Ukraine is considering using its newly-tested wartime Black Sea export corridor for grain shipments after other cargo ships follow the first successful evacuation of a vessel on the route last week, a senior agricultural official said on Monday.
Russia has blockaded Ukrainian ports since it invaded its neighbor in Feb. 2022 and threatened to treat all vessels as potential military targets after pulling out of a U.N.-backed safe passage deal last month.
In response, Ukraine announced a “humanitarian corridor” hugging the sea’s western coastline near Romania and Bulgaria. A Hong Kong-flagged container ship stuck in Odesa port since the invasion travelled the route last week without being fired upon.

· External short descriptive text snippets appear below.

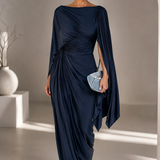 Lyssa – Pleated Drape Maxi Dress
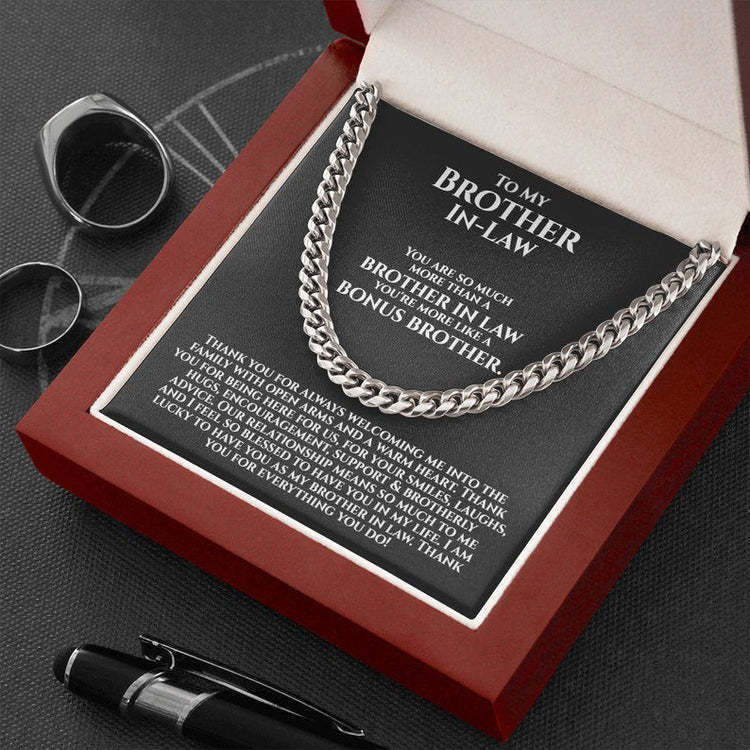 To My Brother-In-Law Necklace Cuban Link Chain Necklace Gift Set - You're More Like A Bonus Brother
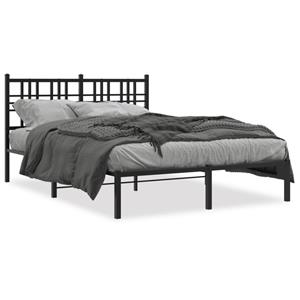 VidaXL Bedframe met hoofdbord metaal zwart 120x200 cm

“Only one commercial vessel has passed through so far, it has shown readiness to move by alternative routes,” Denys Marchuk, deputy head of the Agrarian Council, Ukraine’s largest agribusiness organization, told national television.
“Further, there should be a movement of potentially 7-8 more ships… then perhaps in the future these alternative routes will become a corridor for the movement of ships that are travelling with cargoes of grain and oilseeds,” he said.

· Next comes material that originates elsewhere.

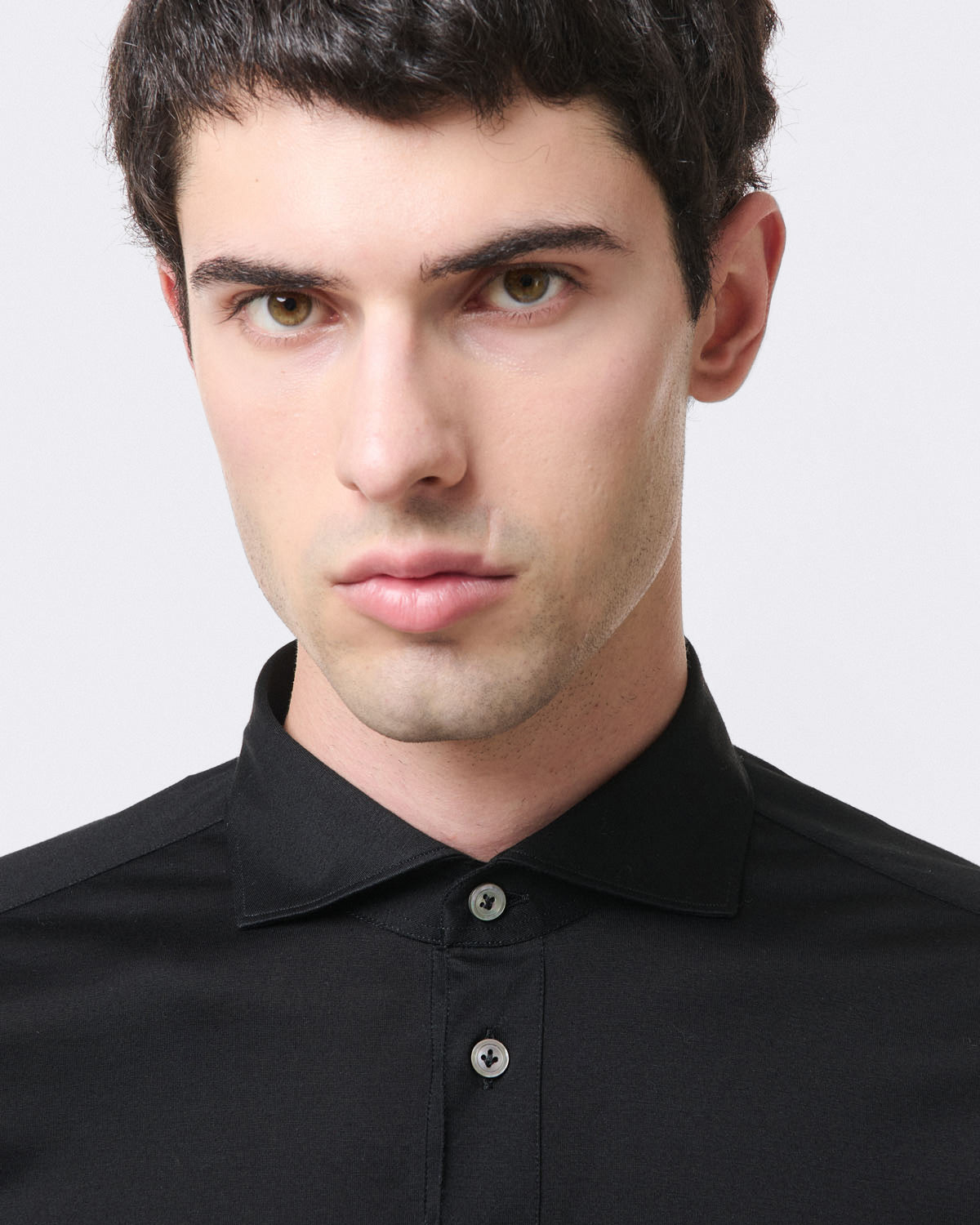 Orlando sport polo shirt in plain black cotton jersey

The Financial Times said Kyiv was finalizing a scheme with global insurers to cover grain ships travelling to and from its Black Sea ports, citing Ukraine’s Deputy Economy Minister Oleksandr Gryban.

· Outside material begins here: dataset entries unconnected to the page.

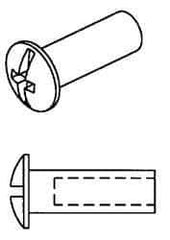 Made in USA - #10-24 Thread Barrel, Slotted/Phillips Drive, Stainless Steel Sex Bolt & Binding Post - 2" Long Barrel, Grade 18-8 - Americas Industrial Supply
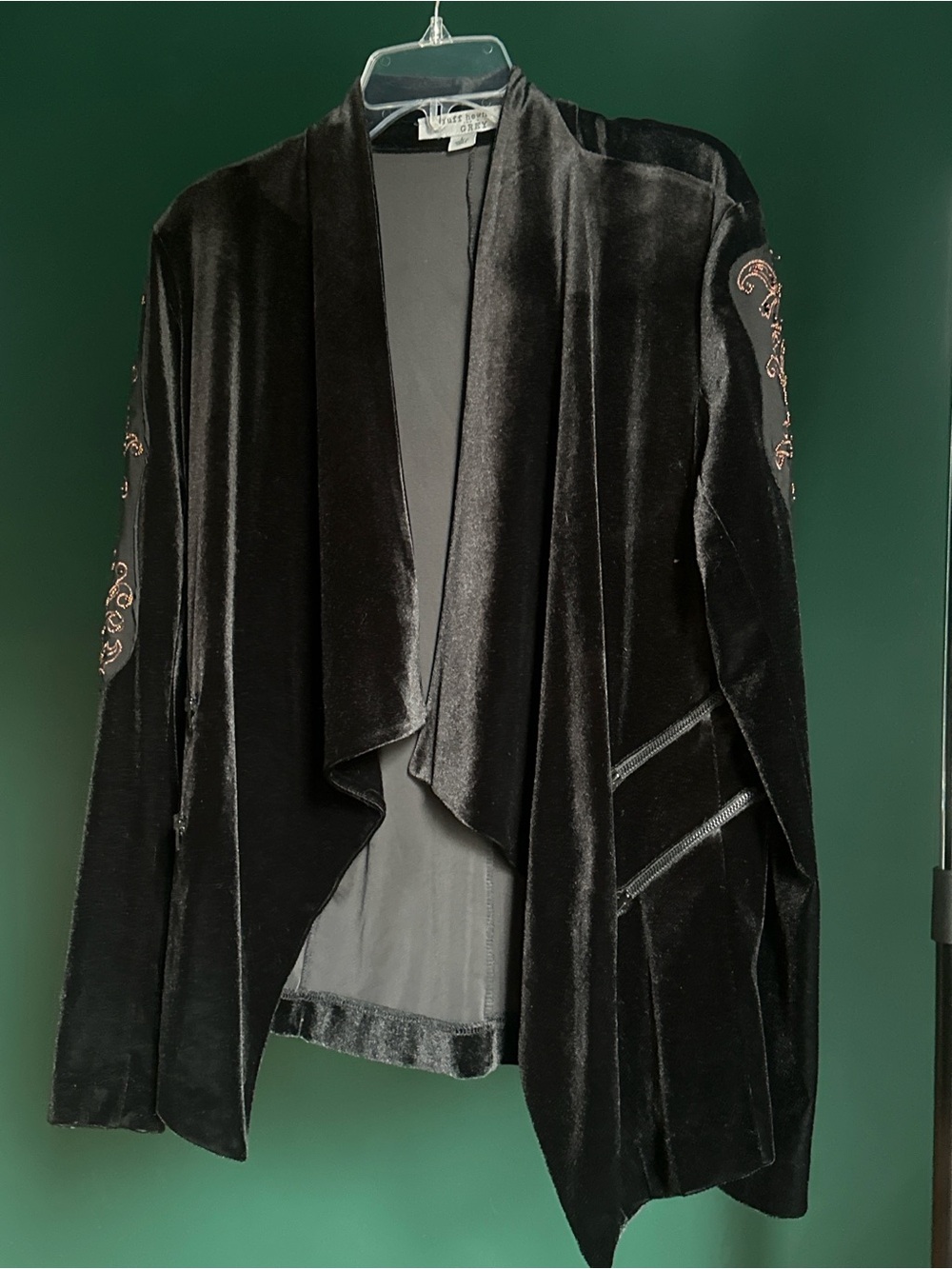 Ruff Hewn Black Velvet Draped Open-Front Jacket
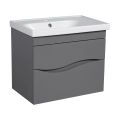 Modern Wall-Mount Bathroom Vanity with Washbasin | Wave Teak Natural Collection | Non-Toxic Fire-Resistant MDF-26" Gray Matte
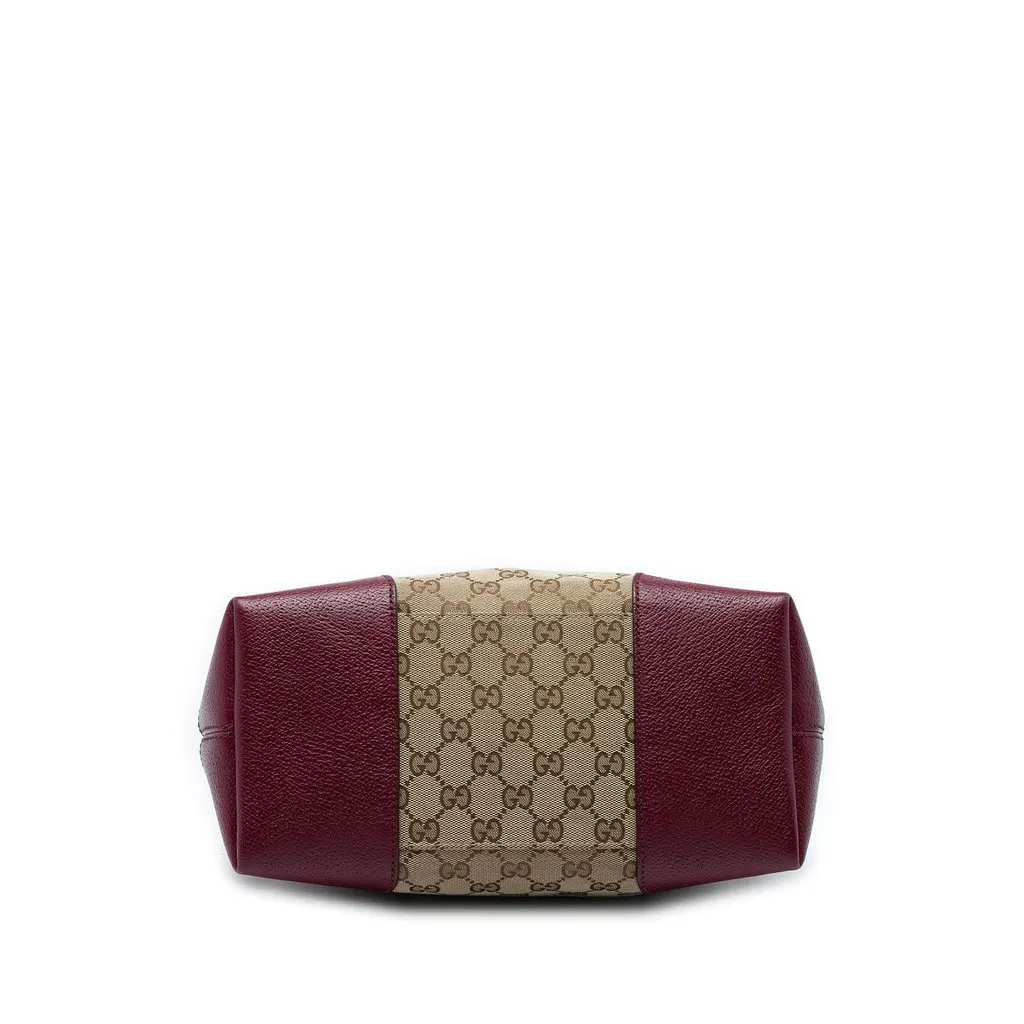 Gucci Medium GG Canvas Bree Fold Over Tote Beige Canvas Good - Inside View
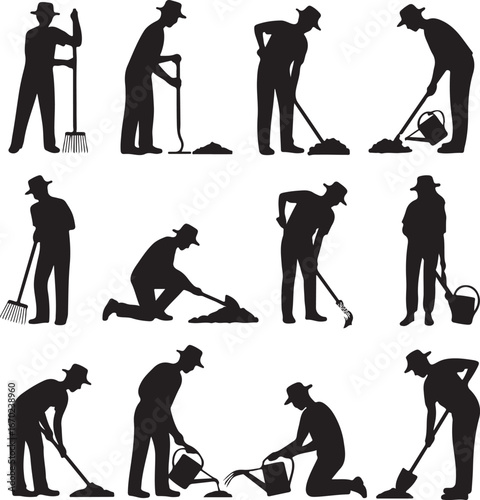 Vector silhouette of a gardener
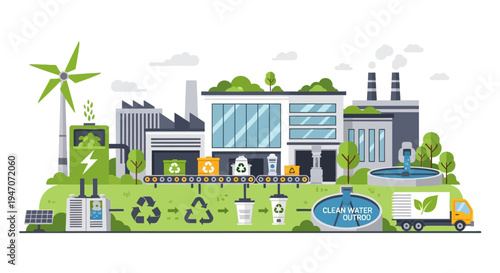 Sustainable Industry Ecosystem: Green Energy, Recycling, Water Treatment & Eco-Friendly Production Cycle in a Smart City Landscape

Ukraine is a global major grain grower and exporter and normally ships millions of metric tons of food from its deep-water Black Sea ports of Odesa and Mykolaiv, but has had to rely on its Danube river ports after Russia pulled out of the deal.
To attract ship owners to Ukrainian ports which have come under fire from Russian forces, Marchuk said Ukraine had already allocated 20 billion hryvnias ($547 million) for ship insurance.